Question

Two particles A and B of same mass have their total energies $E_A$ and $E_B$ in the ratio $E_A : E_B = 1 : 2$. Their potential energies $U_A$ and $U_B$ are in the ratio $U_A : U_B = 1 : 2$. If $\lambda_A$ and $\lambda_B$ are their de Broglie wavelengths, then $\lambda_A : \lambda_B$ is

• A. $1 : 2$
• B. $2 : 1$
• C. $1 : \sqrt{2}$
• D. $\sqrt{2} : 1$
• E. $1 : 1$

Hint:

When kinetic energy doubles, the de Broglie wavelength decreases by a factor of $\sqrt{2}$. Always ensure you use kinetic energy, not total energy, in the wavelength formula.

Answer 1

The Correct Option is D

Concept:
The total energy $E$ of a particle is given by $E = K + U$, where $K$ is kinetic energy and $U$ is potential energy.

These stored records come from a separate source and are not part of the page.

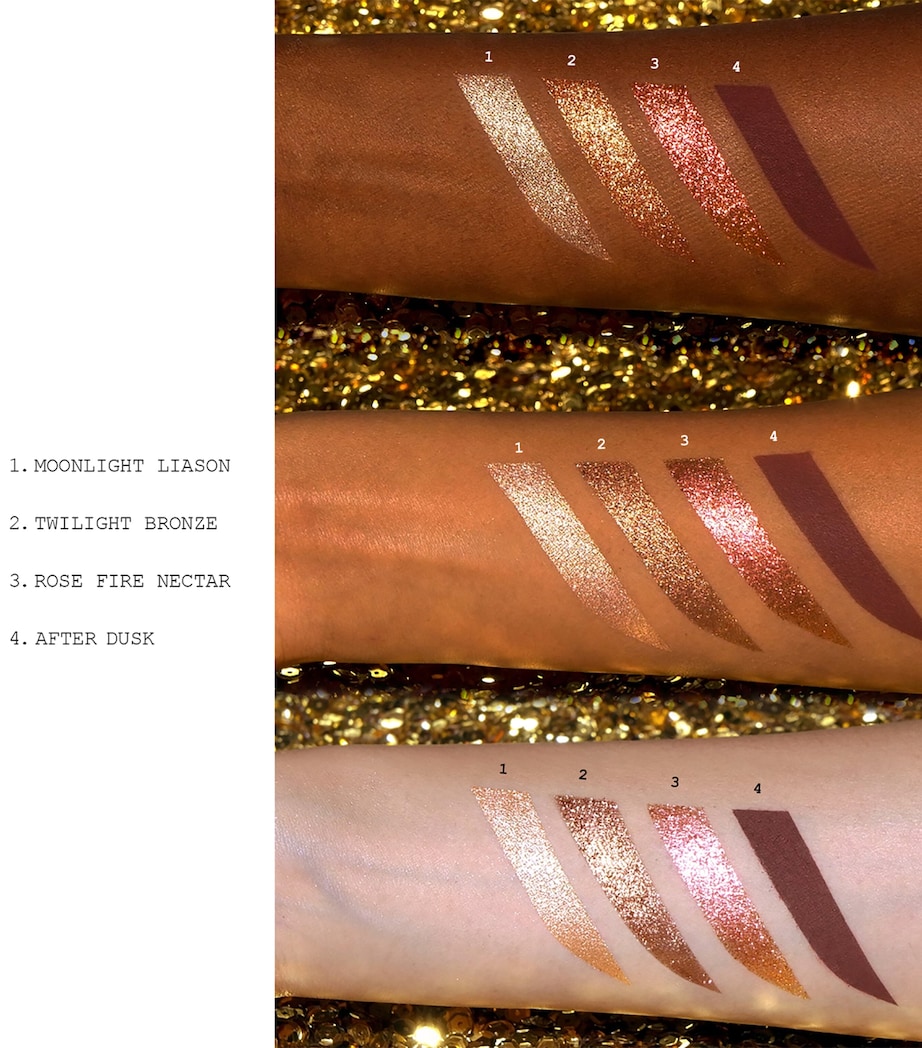 Venus in Fleurs Luxe Quad Eyeshadow Palette VOYEURISTIC VIXEN Image 3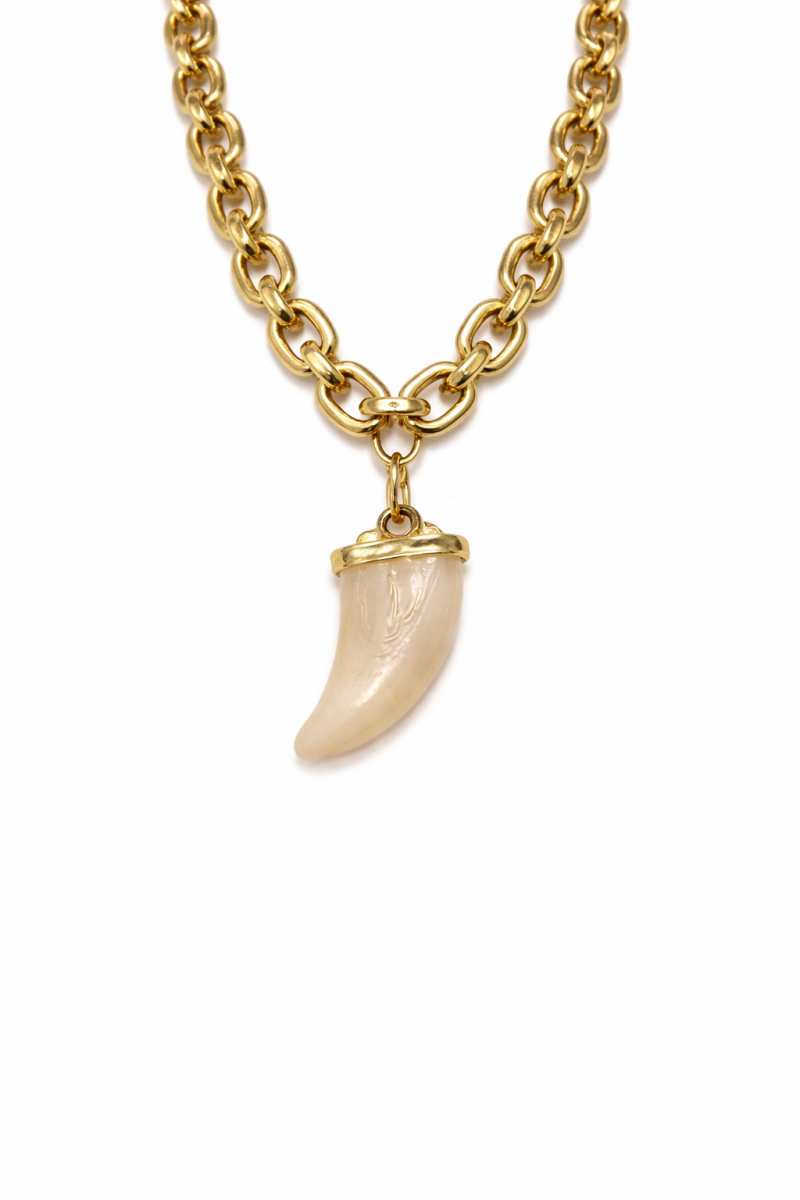 Collar colmillo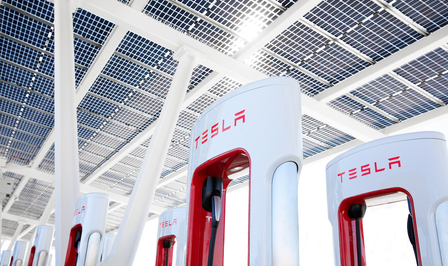 Non-Tesla Supercharger Pilot België 2022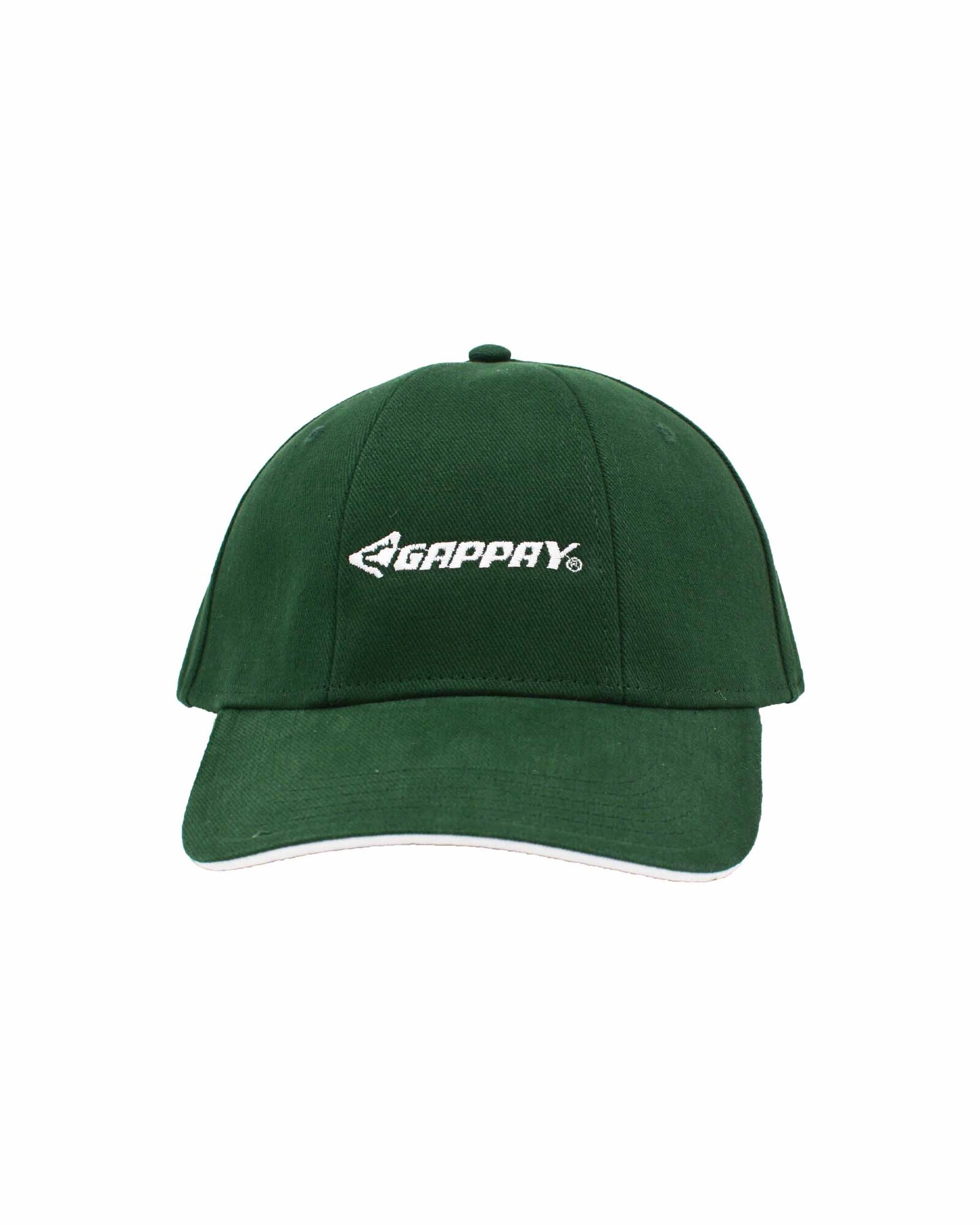 GAPPAY Šiltovka čierna s logom GAPPAY, čierna+biela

The de Broglie wavelength is related to kinetic energy by $\lambda = \frac{h}{\sqrt{2mK}}$.

Step 1: Determine the ratio of Kinetic Energies ($K$).
Given the ratios: \[ E_A = \frac{1}{2} E_B \quad \text{and} \quad U_A = \frac{1}{2} U_B \] \[ K_A = E_A - U_A \] \[ K_B = E_B - U_B = 2E_A - 2U_A = 2(E_A - U_A) \] Therefore, $K_B = 2K_A$, or the ratio $K_A : K_B = 1 : 2$.

Step 2: Calculate the ratio of de Broglie wavelengths.
Since both particles have the same mass: \[ \lambda \propto \frac{1}{\sqrt{K}} \] \[ \frac{\lambda_A}{\lambda_B} = \sqrt{\frac{K_B}{K_A}} = \sqrt{\frac{2}{1}} = \frac{\sqrt{2}}{1} \] Thus, $\lambda_A : \lambda_B = \sqrt{2} : 1$.